Certainly for a ruptured AAA, with a patient in extremis, we need to rely on our anatomic knowledge, confidence gleaned from deliberate practice, and clear understanding of the goals of the procedure to swiftly intervene to save a life. Not much contemplation required in that situation, beyond the decision itself to operate.

Much more often in surgical practice, however, operative intervention is one piece of a larger puzzle. A shining example is the improvement we have noted in the management of patients with limb threatening ischemia in coordination with the Advanced Wound Care Center, under Dr. Chandra’s capable guidance. Making a differential diagnosis of abdominal pain in the elderly patient with a 5-cm abdominal aortic aneurysm – is the aneurysm symptomatic, or is the patient suffering from a concurrent gastric cancer? Deciding on thrombolytic therapy for patients with thrombophilia – age, risks, expected outcomes, alternatives?

My program director in surgical residency, Dr. Kai Johansen, described the well-trained surgeon as “an internist who can operate”.

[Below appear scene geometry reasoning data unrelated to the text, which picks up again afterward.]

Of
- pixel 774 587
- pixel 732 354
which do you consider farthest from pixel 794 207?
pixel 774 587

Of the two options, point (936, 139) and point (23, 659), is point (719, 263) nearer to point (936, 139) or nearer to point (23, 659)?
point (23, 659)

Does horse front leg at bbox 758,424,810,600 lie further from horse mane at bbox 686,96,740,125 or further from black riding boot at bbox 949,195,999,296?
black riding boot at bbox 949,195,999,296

As surgeons, we rely on our observational skills to ensure the best outcome – ready, aim fire, rather than ready, fire, and then aim. My presentation at the Vascular Annual Meeting (VAM) in San Diego earlier this month underscored the futility and frustration of chasing research clues based on imperfect information regarding the underlying pathophysiology - about how success in translational research, like in clinical care, depends on careful clinical observation.

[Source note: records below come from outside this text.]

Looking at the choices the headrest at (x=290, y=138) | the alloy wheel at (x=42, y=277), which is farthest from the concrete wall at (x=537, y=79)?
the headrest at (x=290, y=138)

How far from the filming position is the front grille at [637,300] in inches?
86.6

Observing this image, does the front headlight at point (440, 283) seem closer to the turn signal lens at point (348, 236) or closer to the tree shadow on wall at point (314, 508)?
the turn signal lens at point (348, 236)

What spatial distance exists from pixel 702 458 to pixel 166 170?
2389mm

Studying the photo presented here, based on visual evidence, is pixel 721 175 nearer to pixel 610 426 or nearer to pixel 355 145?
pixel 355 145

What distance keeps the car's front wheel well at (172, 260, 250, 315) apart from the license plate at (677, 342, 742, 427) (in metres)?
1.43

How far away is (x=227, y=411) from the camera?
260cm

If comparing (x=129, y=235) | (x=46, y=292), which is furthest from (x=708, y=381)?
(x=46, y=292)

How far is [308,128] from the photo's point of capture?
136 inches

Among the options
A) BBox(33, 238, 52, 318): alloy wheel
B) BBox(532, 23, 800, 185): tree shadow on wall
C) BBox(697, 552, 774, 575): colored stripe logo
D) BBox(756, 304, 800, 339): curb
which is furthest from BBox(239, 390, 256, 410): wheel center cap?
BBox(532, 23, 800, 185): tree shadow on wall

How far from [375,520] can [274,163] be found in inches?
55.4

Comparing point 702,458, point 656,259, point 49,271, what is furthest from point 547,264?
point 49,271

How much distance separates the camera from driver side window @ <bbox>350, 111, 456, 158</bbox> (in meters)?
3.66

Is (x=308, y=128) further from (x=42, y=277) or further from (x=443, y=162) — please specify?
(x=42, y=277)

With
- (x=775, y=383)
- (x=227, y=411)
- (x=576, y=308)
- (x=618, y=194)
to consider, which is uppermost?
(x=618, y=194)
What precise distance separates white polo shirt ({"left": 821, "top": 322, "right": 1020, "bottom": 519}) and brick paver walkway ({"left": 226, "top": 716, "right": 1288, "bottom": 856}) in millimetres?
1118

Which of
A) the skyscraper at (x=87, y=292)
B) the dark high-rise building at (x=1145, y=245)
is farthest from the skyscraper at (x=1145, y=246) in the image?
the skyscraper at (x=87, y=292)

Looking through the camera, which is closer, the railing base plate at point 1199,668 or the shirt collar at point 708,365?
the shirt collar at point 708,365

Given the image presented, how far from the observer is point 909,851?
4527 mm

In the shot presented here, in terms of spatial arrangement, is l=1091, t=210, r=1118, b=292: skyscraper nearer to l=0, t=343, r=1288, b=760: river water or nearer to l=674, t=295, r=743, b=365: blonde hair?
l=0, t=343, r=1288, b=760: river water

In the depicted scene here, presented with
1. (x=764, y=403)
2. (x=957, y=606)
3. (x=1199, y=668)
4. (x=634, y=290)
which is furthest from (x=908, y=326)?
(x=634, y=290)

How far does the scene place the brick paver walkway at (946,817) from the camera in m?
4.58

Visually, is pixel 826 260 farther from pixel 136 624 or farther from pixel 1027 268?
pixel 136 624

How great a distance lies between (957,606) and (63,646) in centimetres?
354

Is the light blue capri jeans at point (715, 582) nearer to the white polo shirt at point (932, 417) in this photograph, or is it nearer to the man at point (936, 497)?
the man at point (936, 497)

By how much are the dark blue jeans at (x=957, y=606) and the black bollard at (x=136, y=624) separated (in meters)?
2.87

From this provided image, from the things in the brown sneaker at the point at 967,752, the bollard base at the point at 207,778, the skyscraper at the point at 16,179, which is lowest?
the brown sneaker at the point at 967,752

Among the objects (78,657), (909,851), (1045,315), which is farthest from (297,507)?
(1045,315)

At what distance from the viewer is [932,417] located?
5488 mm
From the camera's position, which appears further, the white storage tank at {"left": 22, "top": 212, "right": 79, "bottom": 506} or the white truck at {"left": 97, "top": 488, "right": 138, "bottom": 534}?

This year on the Vascular Surgery Board, I’ve been writing questions on critical care, trauma, peri-operative management, reflecting on the evolution of our specialty – now 80% catheter directed, image guided intervention, mostly outpatient. Moving towards same day EVAR as discussed at VAM. This is a tremendous change over the last 20 years – inpatient to outpatient, with much less responsibility required for the non-operative care of the individual patient. Vascular Surgery today would be unrecognizable to the residents of the 80s and 90s – my generation and that of many of my vascular faculty colleagues.

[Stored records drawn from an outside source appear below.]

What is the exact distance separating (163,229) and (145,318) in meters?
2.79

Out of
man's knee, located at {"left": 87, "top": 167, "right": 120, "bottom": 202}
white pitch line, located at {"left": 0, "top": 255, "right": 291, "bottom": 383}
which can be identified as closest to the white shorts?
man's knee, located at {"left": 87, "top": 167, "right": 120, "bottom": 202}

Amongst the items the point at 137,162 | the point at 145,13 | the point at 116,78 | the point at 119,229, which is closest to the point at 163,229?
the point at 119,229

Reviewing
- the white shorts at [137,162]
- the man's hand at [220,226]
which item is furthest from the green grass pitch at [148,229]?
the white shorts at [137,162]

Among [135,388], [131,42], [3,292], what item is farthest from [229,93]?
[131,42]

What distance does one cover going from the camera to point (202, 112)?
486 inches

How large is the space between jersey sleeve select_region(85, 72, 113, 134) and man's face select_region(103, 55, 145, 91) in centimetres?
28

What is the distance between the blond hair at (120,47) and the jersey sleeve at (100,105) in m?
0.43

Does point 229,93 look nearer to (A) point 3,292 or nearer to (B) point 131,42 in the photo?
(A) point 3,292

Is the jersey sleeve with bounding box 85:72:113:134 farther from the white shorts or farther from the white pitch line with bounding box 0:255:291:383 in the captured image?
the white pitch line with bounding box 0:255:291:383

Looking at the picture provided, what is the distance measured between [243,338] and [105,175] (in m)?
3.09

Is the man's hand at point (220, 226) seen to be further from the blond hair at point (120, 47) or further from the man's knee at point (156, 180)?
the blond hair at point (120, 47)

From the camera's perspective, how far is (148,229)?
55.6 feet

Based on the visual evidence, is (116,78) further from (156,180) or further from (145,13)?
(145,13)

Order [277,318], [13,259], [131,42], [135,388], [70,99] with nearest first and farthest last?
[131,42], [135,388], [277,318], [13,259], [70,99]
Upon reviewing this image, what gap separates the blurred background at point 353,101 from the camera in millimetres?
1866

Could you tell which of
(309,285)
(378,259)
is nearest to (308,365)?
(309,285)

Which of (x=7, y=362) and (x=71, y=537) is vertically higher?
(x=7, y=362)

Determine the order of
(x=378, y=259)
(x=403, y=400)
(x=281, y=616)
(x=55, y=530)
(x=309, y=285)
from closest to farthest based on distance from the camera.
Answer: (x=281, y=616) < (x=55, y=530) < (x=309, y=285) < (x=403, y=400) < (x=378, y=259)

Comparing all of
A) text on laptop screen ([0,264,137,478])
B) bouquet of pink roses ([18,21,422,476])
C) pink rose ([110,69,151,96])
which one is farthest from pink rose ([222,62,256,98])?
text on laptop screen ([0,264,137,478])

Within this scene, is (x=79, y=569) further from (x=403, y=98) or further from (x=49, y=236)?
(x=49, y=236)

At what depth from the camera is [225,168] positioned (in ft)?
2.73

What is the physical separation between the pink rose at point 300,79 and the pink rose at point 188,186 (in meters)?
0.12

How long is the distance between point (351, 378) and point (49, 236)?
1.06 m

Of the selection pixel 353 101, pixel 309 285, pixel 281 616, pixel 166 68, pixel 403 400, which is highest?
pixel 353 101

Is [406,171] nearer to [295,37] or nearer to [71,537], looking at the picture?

And other specialties are adapting to these changes as well. This year at Stanford, Interventional Radiology is initiating its own “integrated” training pathway, bundling diagnostic and interventional radiology into a single experience. From their perspective, based on their approved program requirements, sufficient surgical perspective can be gleaned from a rotating surgical internship. Will an internship provide sufficient disease-focused training to educate the vascular specialist of tomorrow?

Based on my 26 years in practice, I am confident that an internship will always be just that; an internship. Mastery in Surgery will always require a far more nuanced perspective on health and disease. It is essential for all of us to remember that even though the procedures we perform are shorter, and our service census in the hospital much smaller, that the vascular patient remains fundamentally the same – fragile, compromised, vulnerable, and deserving of the full spectrum of care that we, as complete vascular specialists, can and should provide. Surgery is a calling – we should respect and honor the lessons we have learned from the many patients who have trusted us with their care.

So the take home message, for today’s graduates, as well as tomorrow’s, is that success in surgery, as in life, comes from developing the deepest possible understanding of every situation’s opportunities and challenges – and the courage to act decisively on well-founded insight. We owe that due diligence to our patients, society, and the generations of surgeons who have come before us. Weesam Al-Khatib, John Porter, Gene Strandness, and the many other role models I’ve been privileged to know in my career would expect no less.

Best wishes to Tiffany an Andy in all their endeavors, and thanks to everyone for your continued support of Stanford Vascular Surgery.